Der Zentralrat der Ex-Muslime begrüßt die Entscheidung des Kölner Landgerichts vom 7. Mai 2012 zum Thema Jungenbeschneidung ohne medizinische Indikation (Az. 151 Ns 169/11) und rät der deutschen Regierung dringend davon ab, jetzt angesichts der Wünsche der religiösen Organisationen in die Knie zu gehen.
Im Sommer 2012 kämpfen orthodoxe jüdische und islamische Organisationen, sonst nicht selten verfeindet, Hand in Hand gegen das Kölner Beschneidungsurteil. Die an der gegenmodernen Scharia festhaltenden Islamverbände möchten bis nach Karlsruhe gehen; andere warnen vor einem erneuerten Völkermord oder Holocaust.
Die deutsche Regierung wird offensichtlich von den reaktionären religiösen Wortführern unter erheblichen Druck gesetzt und will “Rechtsklarheiten” schaffen. Bundesaußenminister Guido Westerwelle etwa will die „die Beschneidung als Ausdruck religiöser Vielfalt geschützt“ wissen, ein Argument, mit dem man künftig auch die Mädchenbeschneidung
legitimieren und legalisieren müsste.
Kein Kind auf der Welt möchte Angst haben oder Schmerzen erleiden. Es geht also ebenso um Kinder, die hier leben, wie um Kinder in den vom Islam geprägten Ländern. Am Diskussionsthema Zirkumzision sehen wir, dass die Religionsführer und die Mächtigen der Politik zusammenarbeiten; dabei sollten wir im säkularen und freiheitlich demokratischen Staat Politik und Religion voneinander trennen. Die eine Seite argumentiert mit Traditionsbewusstsein und religiöser Pflicht und billigt einen Eingriff in die körperliche Unversehrtheit eines nicht einwilligungsfähigen Kindes.

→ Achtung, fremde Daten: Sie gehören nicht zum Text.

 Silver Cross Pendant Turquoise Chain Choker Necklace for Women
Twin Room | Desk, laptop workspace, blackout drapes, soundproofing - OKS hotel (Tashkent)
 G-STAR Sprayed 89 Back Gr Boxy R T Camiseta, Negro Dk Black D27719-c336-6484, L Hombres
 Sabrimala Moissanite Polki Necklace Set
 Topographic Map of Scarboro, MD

Uns hingegen geht es um säkular-humanistische Werte im 21. Jahrhundert und um die allgemeinen Menschenrechte, die schließlich auch für Kinder gelten. Spät genug, am 15. Juli 2010, hat die Bundesrepublik Deutschland die UN-Kinderrechtskonvention ohne Vorbehalte akzeptiert.

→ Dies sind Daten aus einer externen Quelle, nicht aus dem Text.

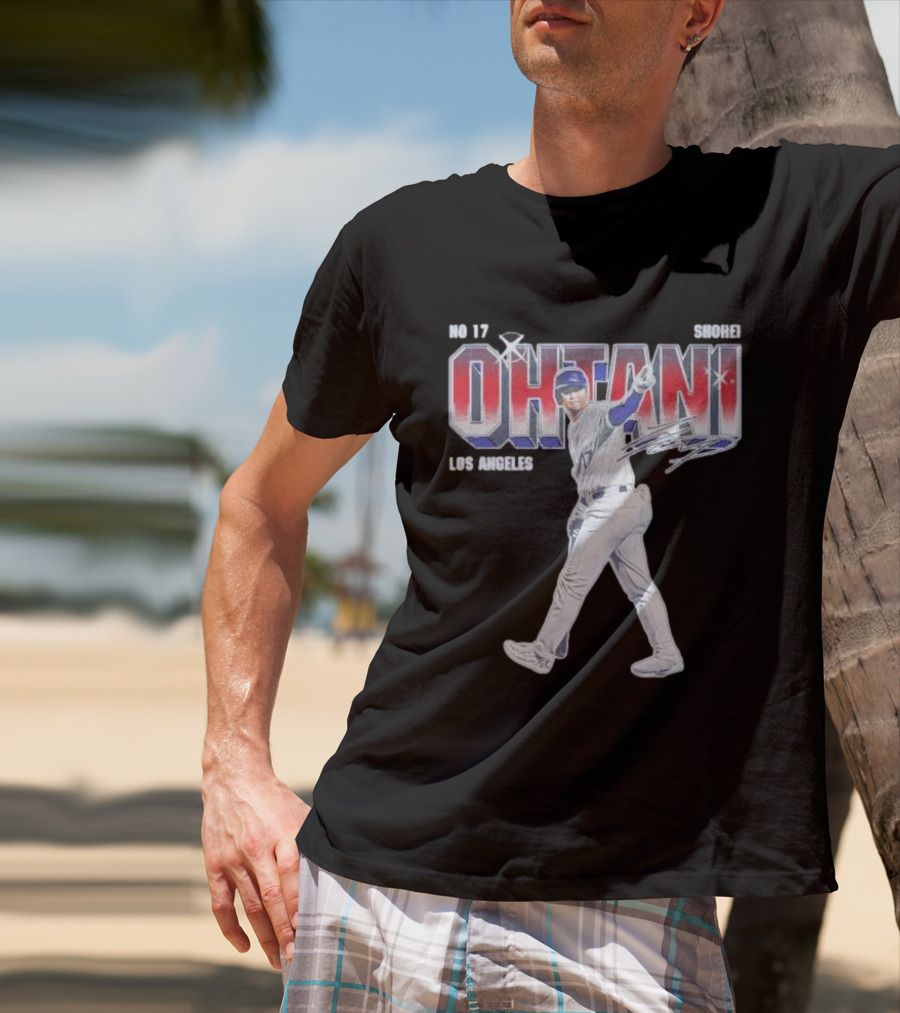 Shohei Ohtani No 17 Los Angeles Signature Baseball T-Shirt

In diesen Tagen polarisiert die oft bagatellisierte Frage der Beschneidung von Jungen die deutsche Gesellschaft. Während sich manche hinter der Religionsfreiheit oder der Multikulturalität verstecken und die blutige Tradition verteidigen oder versuchen, den Gegner als Rassisten darzustellen, betonen wir die Kinderrechte, die auch von religiösen Organisationen nicht eingeschränkt werden dürfen. Körperverletzung ist kein schützenswertes Ritual.
Einige von uns, der aus einem so genannten islamischen Land hierher nach Europa gekommen ist, hat Erinnerungen daran, wie kleine Kinder unter der Beschneidung gelitten haben. Das ist ein religiös begründeter Angriff auf den wehrlosen Kinderkörper, der weltweit Tag für Tag Opfer fordert. Die Jungenbeschneidung ist keinesfalls risikolos, sondern kann schwere Komplikationen nach sich ziehen, wie es im Kölner Fall geschehen ist.
Der Zentralrat der Ex-Muslime hat in seinen Reihen mehrere erwachsene Mitglieder, die diesen Angriff als Kind erlebt haben und die bis jetzt von dieser schlimmen Erinnerung nicht befreit sind.
Nach Artikel 3 (1) der UN-Kinderrechtskonvention „ist das Wohl des Kindes ein Gesichtspunkt, der vorrangig zu berücksichtigen ist.“ Zudem ist zwar nach dem deutschen Grundgesetz Artikel 6 (2) „Pflege und Erziehung der Kinder … das natürliche Recht der Eltern und die zuvörderst ihnen obliegende Pflicht“, aber dieses Recht der Eltern hat Grenzen, denn: „über ihre Betätigung wacht die staatliche Gemeinschaft.“
Wenn wir Beschneidungen gesetzlich erlauben, ist das der Einstieg in das religiös begründete Sonderrecht, in die Rechtsspaltung.
Das ist Stammeserziehung und kulturell vormodern. Im Sinne der Durchsetzung der negativen Religionsfreiheit ist es wichtig, dass dem Kind keine traumatisierende Verletzungserfahrung und bleibende Körpermutilation aufgezwungen wird, solange es nicht einwilligungsfähig ist, was wahrscheinlich aufgrund des hohen Erwartungs- und Gruppendrucks auch bei einem 14-jährigen oder 16-jährigen Jungen noch nicht der Fall ist.